日頃散々説教され、邪険に扱われるが彼なりに好きでいてくれるらしい。

「っ、後で、殴っていいから」

ぐっと頭を引き寄せて思い切り達した。
酸素を求めるように顔を放し、小さく咳をしながら口元を手の甲で拭っている。

「ど、どうだ。僕だってお前を気持ちよくさせることができるんだ」

怒られると思ったが開口一番誇らしげに言われ、虚を突かれ小さく笑った。

「ああ、すげー気持ちよかったから次はお前な」

膝の上に座らせるようにして首筋を舐めた。

「ぼ、僕はいい…」

「俺の舐めて勃たせてんのに?」

「これは、これは…。

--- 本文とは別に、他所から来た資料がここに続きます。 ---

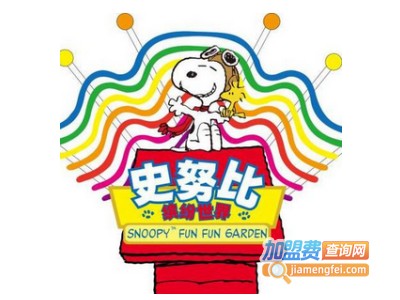 史努比儿童乐园加盟费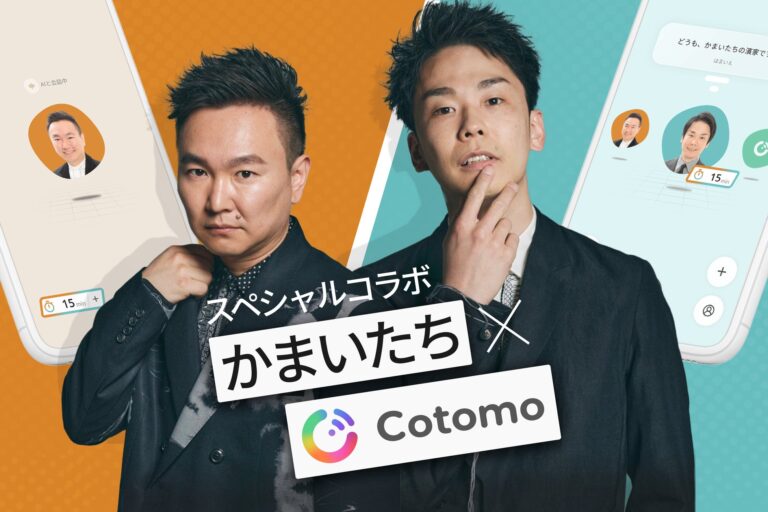 Starleyが吉本興業と共に新おしゃべりAI「キャラCotomo」を発表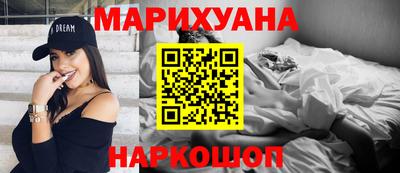 стафф Новокубанск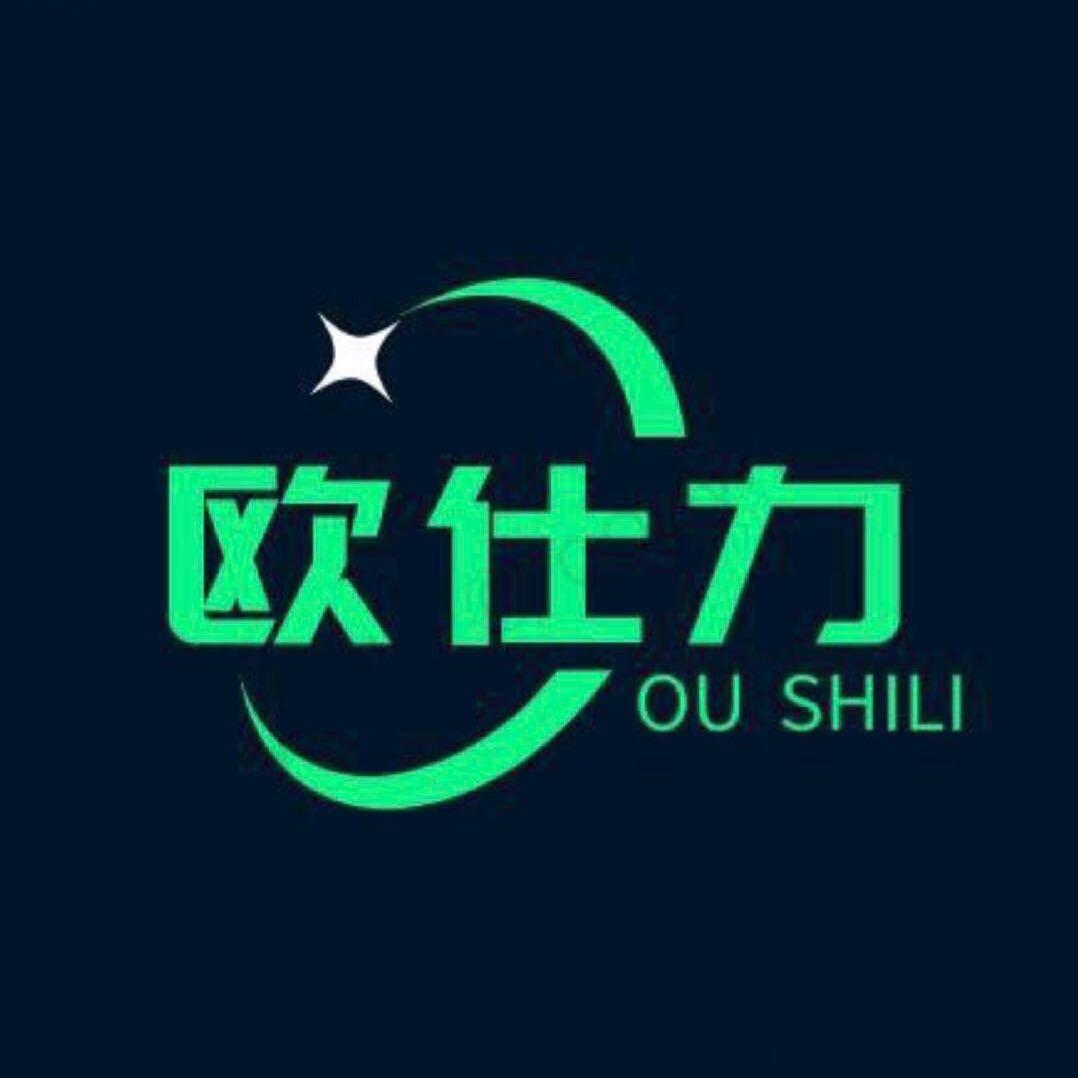 欧仕力免擦洗车液工厂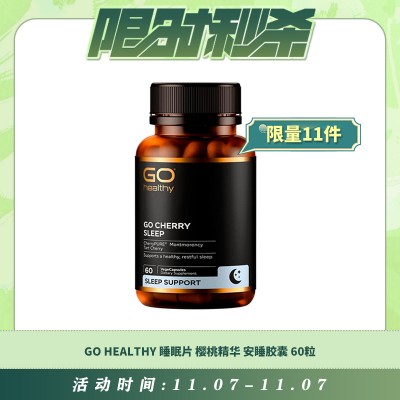 【11.07每日限时秒杀】GO HEALTHY 睡眠片 樱桃精华 安睡胶囊 60粒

違う」

「はいはい」

適当に流して唇を奪った。
二度出して漸く少し頭が冷静になってきた。
この程度なら手酷く抱くこともないだろう。口淫もおいしかったがやはり茜自身の身体が一番のご馳走だ。

「最後までつきあってくれるよな…?」

「……仕方がない」

小さく溜め息を吐かれたが、構わずソファに身体を押し倒した。